Your goal:
The entire listing, reproduced exactly and stripped of images, is the expected output.

Provided material:
-----

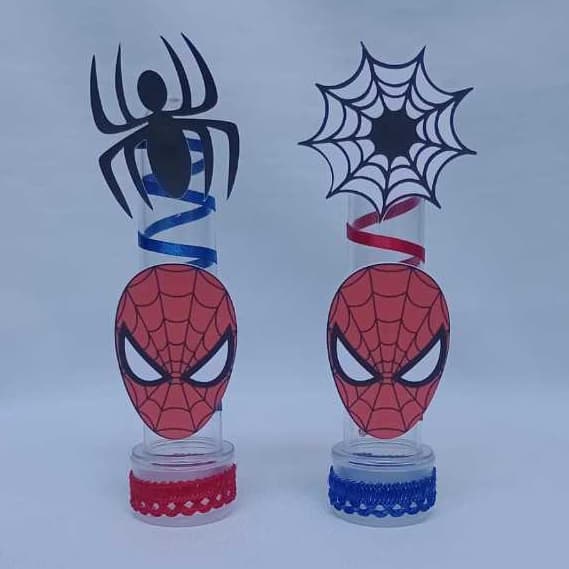 Homem Aranha Kit com 10 tubetes personalizados grande 13cm Lembrancinha para festa infantil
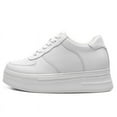 thumbnail image 2 of CMR CHAMARIPA Elevator Shoes For Women - Classic White Leather Sneakers 8CM / 3.15 Inches, 2 of 9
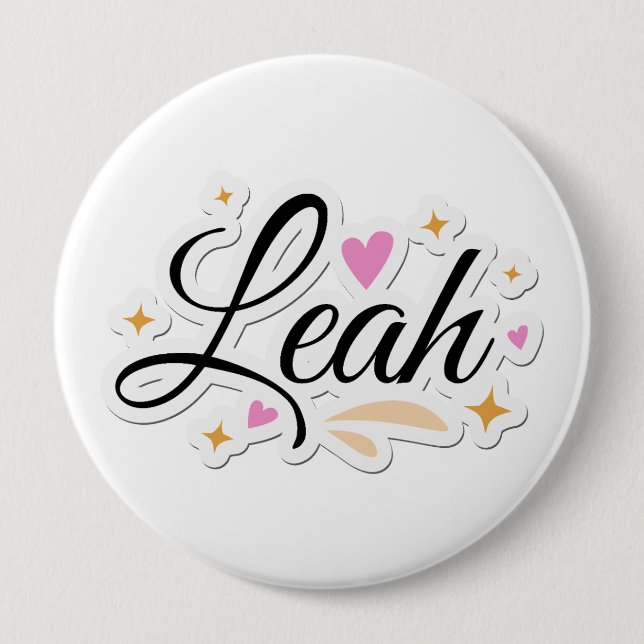 Leah name cute design button (Front)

-----

Result for this exercise:
 Homem Aranha Kit com 10 tubetes personalizados grande 13cm Lembrancinha para festa infantil
 thumbnail image 2 of CMR CHAMARIPA Elevator Shoes For Women - Classic White Leather Sneakers 8CM / 3.15 Inches, 2 of 9
 Leah name cute design button (Front)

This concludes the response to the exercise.